The awful news revealed on Thursday about Detroit Lions running back Jerome Harrison's brain tumor was tempered only by the fact that the physical required when the Lions tried to trade him to the Philadelphia Eagles may have saved Harrison's life because the physical facilitated the diagnosis. From a personal standpoint, it's obviously a difficult challenge for Harrison and everyone close to him to deal with the news.
From a football perspective, Lions head coach Jim Schwartz is dealing with more than one very serious medical issue when it comes to his running backs. Not only does Harrison's status put his NFL career on indefinite hold, but according to Mike Freeman of CBS Sports, starting back Jahvid Best has reportedly been advised by those close to him to end his season because of concerns raised by multiple concussions.
"Well anytime you talk about concussions, the way we've talked about before, it's not a situation you can tough out. I think the NFL has been very proactive in what they're doing with concussions. We've had some players that have had them, some guys that have missed time and some guys that have gotten back. I think we'll just take that same approach with Jahvid. As soon as he gets clearance, he'll be back."
Best's concussions go back to his days at Cal — he missed the final four games of the 2009 season after suffering a concussion and a back injury. Having already suffered the second concussion of his second NFL season has a lot of people wondering — how much is too much? Especially in a league where head injuries are still "treated" with football-speak (read: "Concussion-like symptoms" or "He had his bell rung") far more than they should. Two official concussions in one season could mean many more in a realistic sense.
"That's not up for me to decide," Schwartz said of Best's timetable. That's the reason that the NFL has put people that know what they're doing in those things. Like I said, it's not a situation where a player can will his way back; it's not a situation where a coach or anybody else can put a player back before, you know, the independent doctors say he's able to be able to do those things."
Offensive coordinator Scott Linehan hadn't yet talked with Harrison since the diagnosis, but he hoped to soon. With Best, it's a waiting game eased by the fact that there's a level of trust in veteran backup Maurice Morris.

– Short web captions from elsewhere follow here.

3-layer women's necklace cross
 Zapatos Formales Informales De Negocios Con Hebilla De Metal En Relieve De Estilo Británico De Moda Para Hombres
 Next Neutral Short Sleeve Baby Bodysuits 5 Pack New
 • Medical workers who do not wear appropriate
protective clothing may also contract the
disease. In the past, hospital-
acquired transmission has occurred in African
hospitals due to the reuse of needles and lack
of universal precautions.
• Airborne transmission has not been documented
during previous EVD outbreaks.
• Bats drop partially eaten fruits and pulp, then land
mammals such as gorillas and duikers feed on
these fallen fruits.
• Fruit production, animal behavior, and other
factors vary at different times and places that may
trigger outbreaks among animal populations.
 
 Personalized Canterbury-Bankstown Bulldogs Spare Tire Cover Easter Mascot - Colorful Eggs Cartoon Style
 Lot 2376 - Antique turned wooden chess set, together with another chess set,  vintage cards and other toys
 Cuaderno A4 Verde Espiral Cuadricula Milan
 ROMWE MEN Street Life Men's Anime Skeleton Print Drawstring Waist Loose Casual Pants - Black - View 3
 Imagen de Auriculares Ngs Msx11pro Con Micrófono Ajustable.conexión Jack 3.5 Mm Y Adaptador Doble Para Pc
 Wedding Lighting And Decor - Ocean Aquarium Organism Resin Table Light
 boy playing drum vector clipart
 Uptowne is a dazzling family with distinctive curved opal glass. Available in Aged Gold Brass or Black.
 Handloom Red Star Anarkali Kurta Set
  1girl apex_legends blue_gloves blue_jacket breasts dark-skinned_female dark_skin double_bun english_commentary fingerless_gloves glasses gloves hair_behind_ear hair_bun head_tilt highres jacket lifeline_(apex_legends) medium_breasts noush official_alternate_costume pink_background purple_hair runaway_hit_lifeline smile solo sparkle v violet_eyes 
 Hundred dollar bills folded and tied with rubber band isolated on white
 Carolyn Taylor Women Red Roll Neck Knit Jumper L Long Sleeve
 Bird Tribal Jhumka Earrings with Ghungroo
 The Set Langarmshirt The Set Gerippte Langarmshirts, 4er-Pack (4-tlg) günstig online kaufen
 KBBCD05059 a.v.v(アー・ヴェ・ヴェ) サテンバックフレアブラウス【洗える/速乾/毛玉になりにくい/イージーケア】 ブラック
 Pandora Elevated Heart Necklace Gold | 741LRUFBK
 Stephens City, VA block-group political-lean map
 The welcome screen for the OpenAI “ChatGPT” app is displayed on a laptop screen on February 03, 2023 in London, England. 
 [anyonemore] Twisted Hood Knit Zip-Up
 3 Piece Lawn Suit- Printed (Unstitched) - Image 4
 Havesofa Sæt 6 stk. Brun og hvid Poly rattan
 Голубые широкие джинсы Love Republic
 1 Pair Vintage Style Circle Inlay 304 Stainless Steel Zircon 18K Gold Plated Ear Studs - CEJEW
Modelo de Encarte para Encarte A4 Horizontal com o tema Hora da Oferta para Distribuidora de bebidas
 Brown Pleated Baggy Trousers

"Well, the thing I am excited about is whenever [we] called on Maurice he stepped up to the plate and performed," Linehan said. "I think he is healthy now. He missed all of training camp and really the first couple games he was coming back from that hand [injury] and not being able to use that hand. You've got to have full use of your hands as a running back. That is hard. Now I think he is 100 percent past that and back to his form of end of last year. One thing is you know what you are getting with Mo and look forward to seeing him take the reins."
It's not just a rough go for the Lions on the football field. Situations like the ones Harrison and Best are facing really test the ultimate challenge for coaches — they have to reconcile their own personal concern for their players with the harsh reality that there's another gameday just around the corner, and there are no free passes to help you get by, no matter what's going on outside the lines.